HDMI(High-Definition Multimedia Interface)は家庭用AV機器やPCディスプレイに広く採用されていますが、組み込み機器や特定用途のデバイスでは、LVDS(Low-Voltage Differential Signaling)がよく使われます。この記事では、画像信号を伝送する際にLVDSを選ぶメリットについて解説します。
1. シンプルな設計と低コスト
LVDSは、シンプルなアーキテクチャを採用しており、HDMIに比べて回路設計が簡素です。
- HDMIの場合:認証チップやEDID(Extended Display Identification Data)などの追加設計が必要。さらに、HDMI規格にはライセンス費用がかかるため、全体的なコストが上昇します。

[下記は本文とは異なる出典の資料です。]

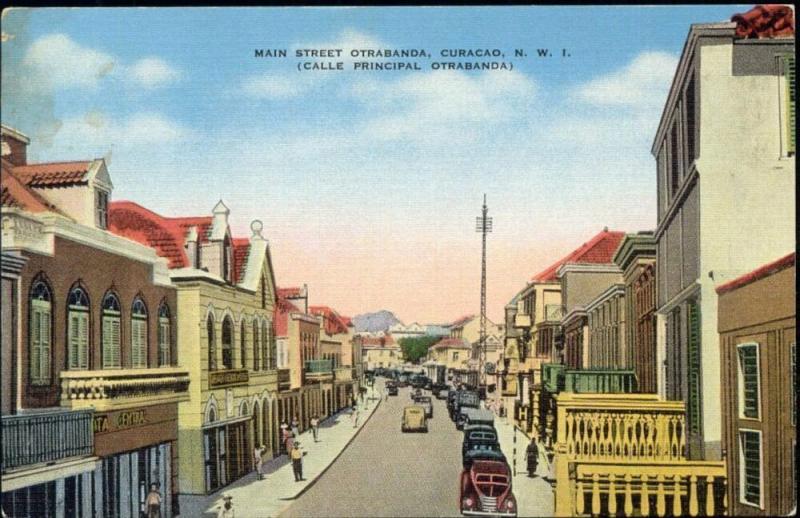 curacao, N.W.I., WILLEMSTAD, Otrabanda, Main Street, Cars (1940s)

- LVDSの場合:組み込みデバイスや産業用途向けディスプレイでは、ライセンス費用が不要で、部品点数も少なく済むため、製造コストを抑えられます。
2. 低消費電力
LVDSは、低電圧で差動信号を伝送するため、HDMIに比べて消費電力が少ないです。この特性は特に以下の場合に有利です:
3. 高速かつ安定した信号伝送
LVDSは差動信号伝送を採用しており、ノイズ耐性が高いことが特徴です。
- 差動信号により、外部ノイズの影響が軽減され、信号品質が安定します。
- HDMIは単一エンドの信号が多く、高速信号では信号品質が劣化しやすい場合があります。
4. 長距離伝送での有利性
LVDSはHDMIと比較して、長距離伝送時の信号減衰が少ないです。
- LVDSはケーブル設計を工夫することで10メートル以上の伝送も可能です。
- HDMIは長距離になると信号品質が劣化しやすく、高品質なケーブルが必要です。
5. 組み込み機器向けの柔軟性
LVDSは、産業用途やカスタマイズされたディスプレイソリューションで広く採用されています。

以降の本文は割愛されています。